For b), the condition implies that
$$\int_{D(z;r)} \lvert f(\theta)\rvert^2 \,dm(\theta) \leqslant M$$
for all $z \in \Omega$ and $r > 0$ such that $D(z;r) \subset \Omega$.
Then use a) to obtain the premises of the little Montel theorem.

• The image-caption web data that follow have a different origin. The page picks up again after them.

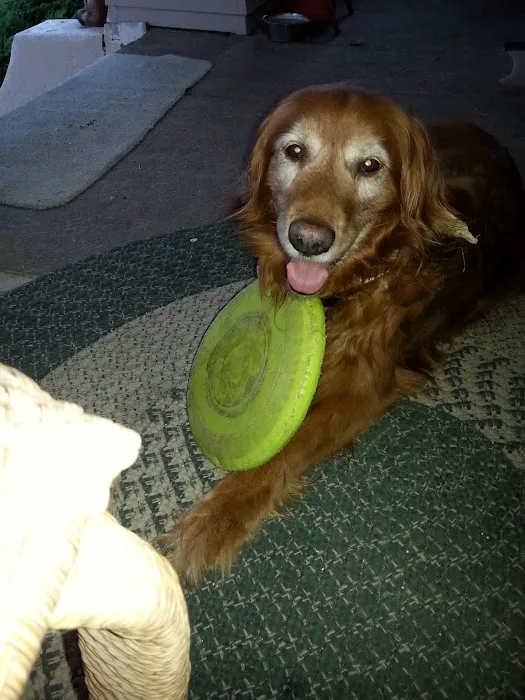 Sunrise Hill Veterinary Hospital Picture 3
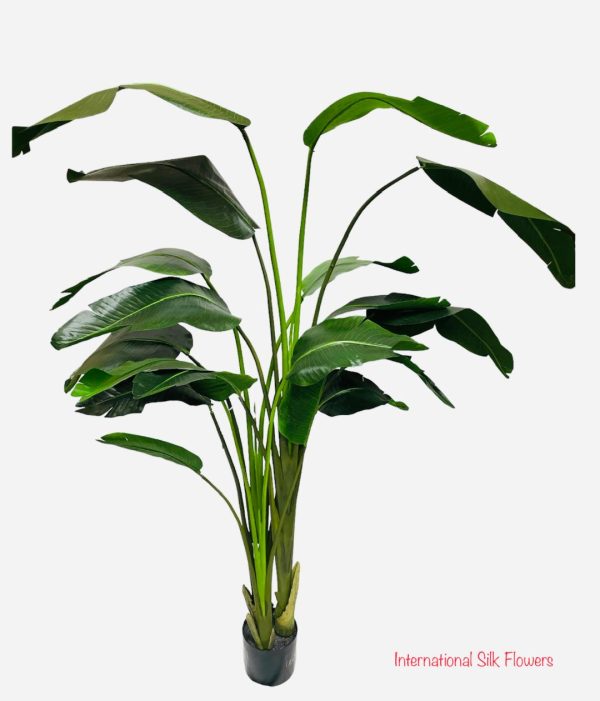 7.9  Bird Of Paradise Tree ( LTB608-GR ) Online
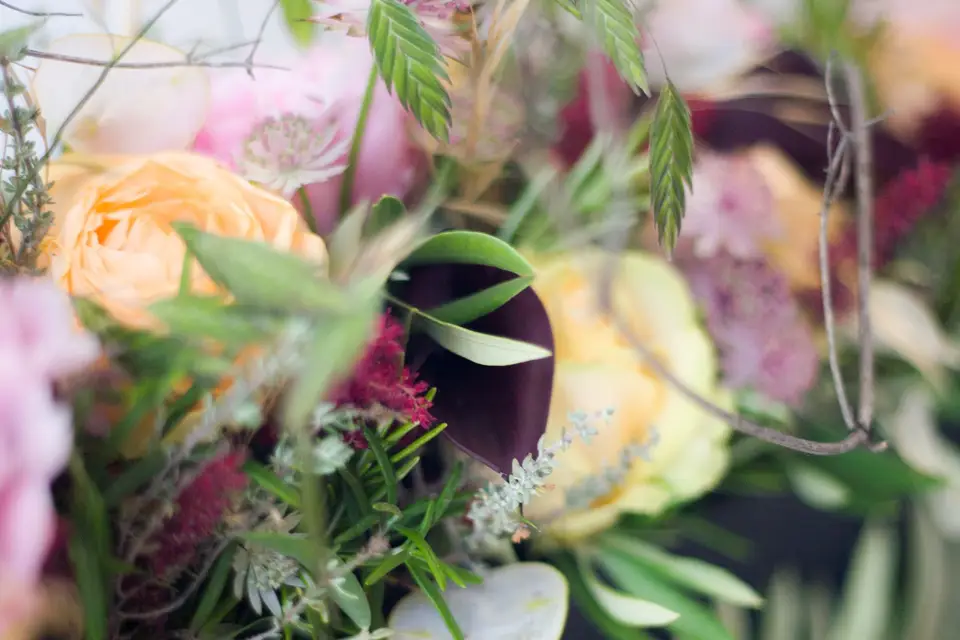 Les Ateliers de Cindy — photo 6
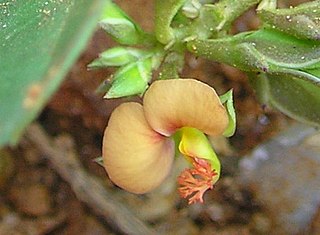 <span class="mw-page-title-main">Polygala glomerata</span> Species of flowering plant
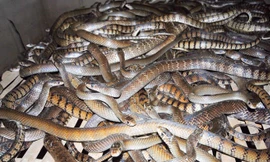 Nơi rắn nhiều hơn người ở Vĩnh Phúc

Since $g(z)=f^2(z)$ is also analytic, Mean Value Theorem for Analytic Functions provides that $$ f^2(z)=\frac{1}{2\pi}\int_0^{2\pi} f^2(z+\varrho\mathrm{e}^{i\vartheta})d\vartheta, $$ which implies using polar coordinates \begin{align} \int_{D_r(z)} f^2(x+iy)\,dx\,dy&= \int_0^r\int_0^{2\pi}f^2\big(z+\varrho\mathrm{e}^{i\vartheta}\big)\,d\vartheta\,\varrho\,d\varrho=\int_0^r 2\pi\, f^2(z)\,\varrho\,d\varrho=\pi r^2 f(z), \end{align} and thus $$ \int_{D_r(z)} |f(x+iy)|^2\,dx\,dy \ge \left| \int_{D_r(z)} f^2(x+iy)\,dx\,dy \right| =\pi r^2\,|f^2(z)|. $$